Let $\mathcal{D}(\mathbb{R})$ be the space of smooth functions with compact support and $\mathcal{D}'(\mathbb{R})$ the space of distributions (ie. continuous linear functionals on $\mathcal{D}$). There is a natural embedding $T: L^1_{\mathrm{loc.}}(\mathbb{R}) \to \mathcal{D}'(\mathbb{R})$: $$ T(f) = \varphi \mapsto \int_{\mathbb{R}} f(x) \, \varphi(x) \, \mathrm{d}x \qquad \forall f \in L^1_{\mathrm{loc.}} \quad \forall \varphi \in \mathcal{D} $$ The space $T(L^1_{\mathrm{loc.}}) \subset \mathcal{D}'$ of all distributions representable by a locally integrable function is called the space of regular distributions, all other distributions are called singular distributions. My question is: does every distribution $f \in \mathcal{D}'$ have a unique decomposition into the sum $f = f_{\mathrm{reg.}} + f_{\mathrm{sing.}}$of its regular and singular parts?
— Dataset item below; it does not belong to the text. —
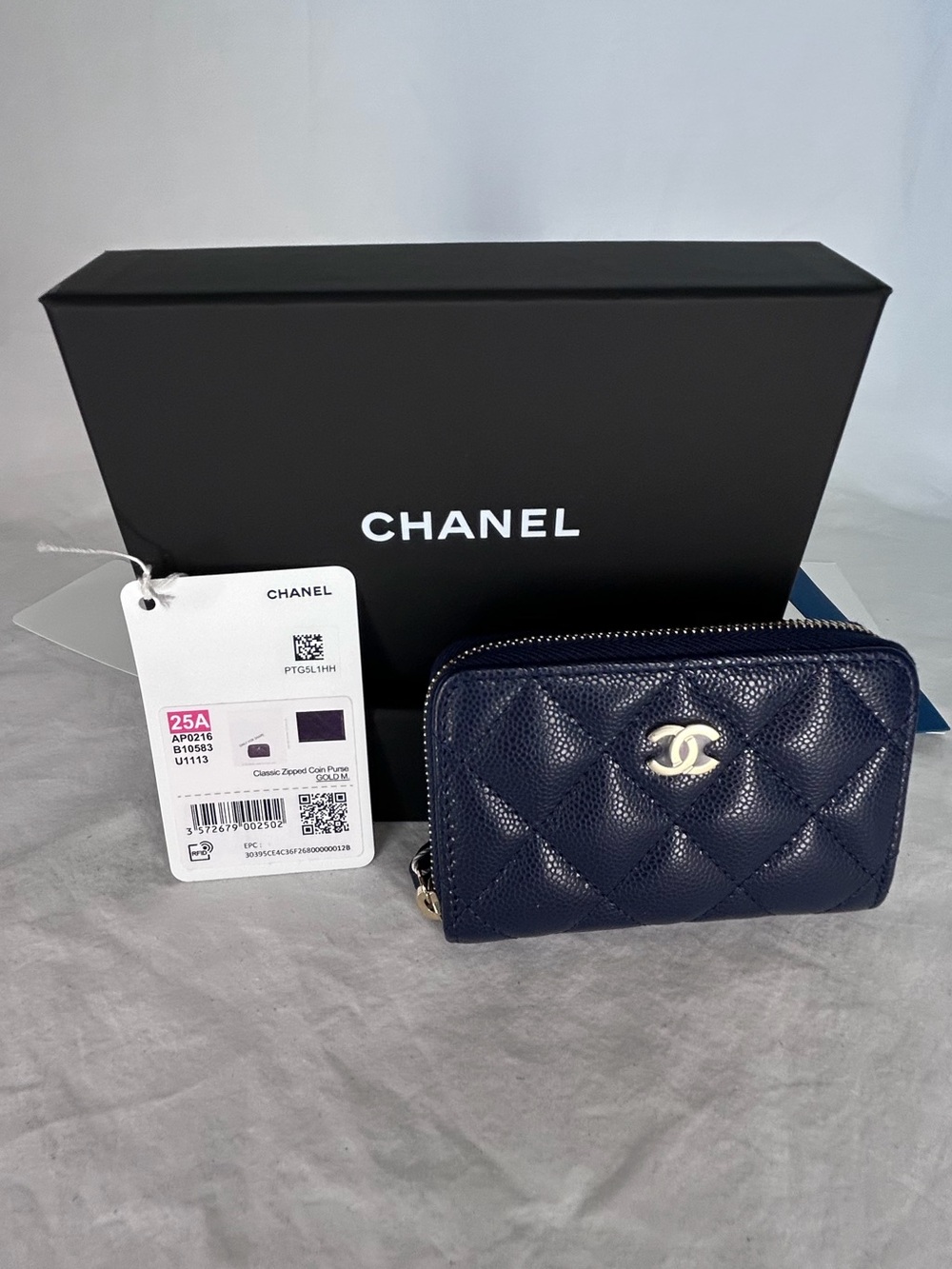 CHANEL Navy Quilted Caviar Leather Zipper Wallet  with Silver CC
I intuitively feel that this should be true, but struggle to define such a decomposition more precisely, let alone prove it. The first problem one encounters is that given a smooth function $g(x)$, $f = g + \delta \,$ has many possible decompositions: $$ f = \underbrace{0}_{\mathrm{reg.}} + \underbrace{g + \delta}_{\mathrm{sing.}} \; = \underbrace{\tfrac{1}{2} g}_{\mathrm{reg.}} + \underbrace{\tfrac{1}{2} g + \delta}_{\mathrm{sing.}} = \underbrace{g}_{\mathrm{reg.}} + \underbrace{\delta}_{\mathrm{sing.}} = \underbrace{2g}_{\mathrm{reg.}} \; \underbrace{ - g + \delta}_{\mathrm{sing.}} $$ Obviously, the decomposition I want is $f_{\mathrm{reg.}} = g, \; f_{\mathrm{sing.}} = \delta$. Maybe a decomposition, where the support of $f_{\mathrm{sing.}}$ is equal to its singular support would be a good criterion? But I don't know, maybe there are distributions with non-discrete singular spectrum or something like that, when this approach would fail.
I know that there is a class of distributions called distributions of order zero that have a one-to-one correspondence with Radon measures (Carlsson, 2.6): $$ \forall T \in \mathcal{D}' \text{ of order 0 } \exists \text{ Radon measure } \mu \qquad T(\varphi) = \int_{\mathbb{R}} \varphi \; \mathrm{d}\mu \qquad \forall \varphi \in \mathcal{D} $$ Such a measure can be decomposed into $\mu_{\mathrm{reg.}}$ and $\mu_{\mathrm{sing.}}$ with respect to the Lebesgue measure by the Lebesgue's decomposition theorem. But this doesn't tell me anything about the decomposition of distributions of general order.